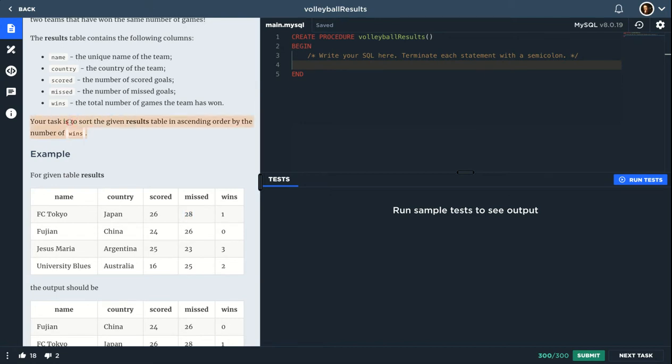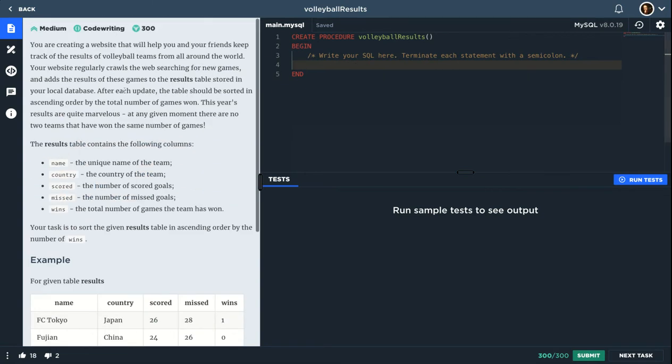So your task is to sort the given result table in ascending order by the number of wins. This is really simple, not sure why it's medium.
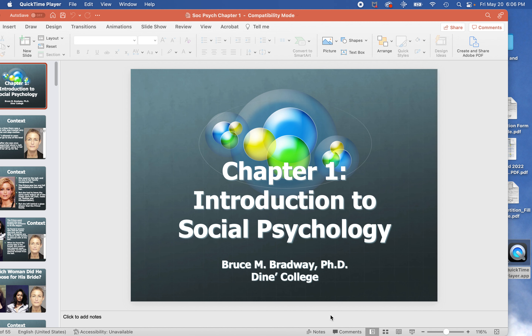Psychology summer session. I'm Bruce Bradway here. This is me right here. I do have a doctorate in psychology.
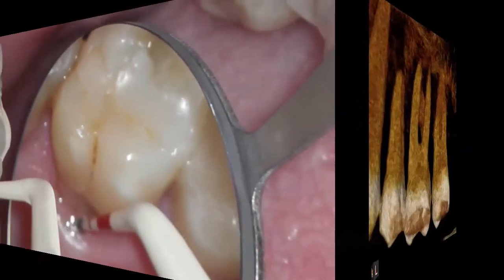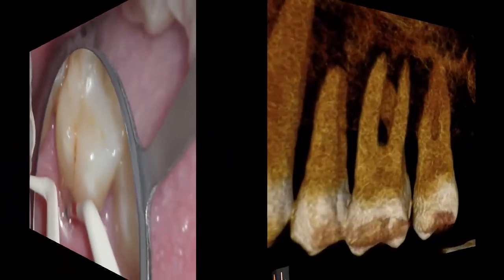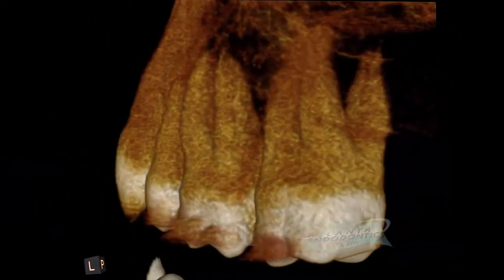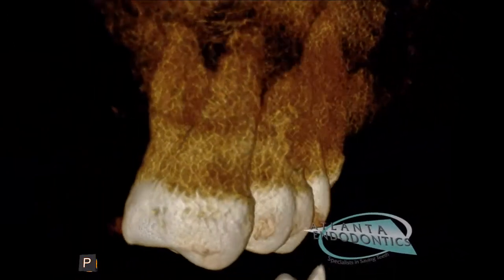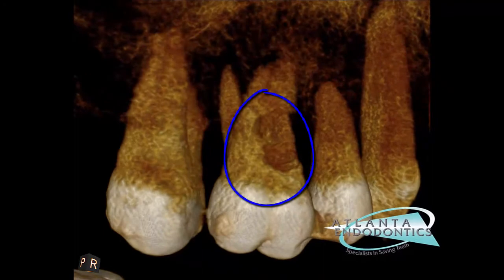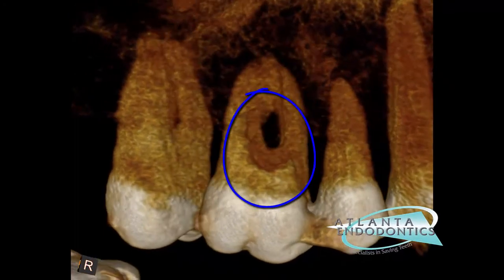The 3D rendering on a cone beam scan confirms the resorption defect on the palatal root of the upper first molar.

EXERCISE AIM: Copy each line of the listing exactly, skipping any picture.

SOLVED PROBLEM:
So your task is to sort the given result table in ascending order by the number of wins. This is really simple, not sure why it's medium.
Psychology summer session. I'm Bruce Bradway here. This is me right here. I do have a doctorate in psychology.
The 3D rendering on a cone beam scan confirms the resorption defect on the palatal root of the upper first molar.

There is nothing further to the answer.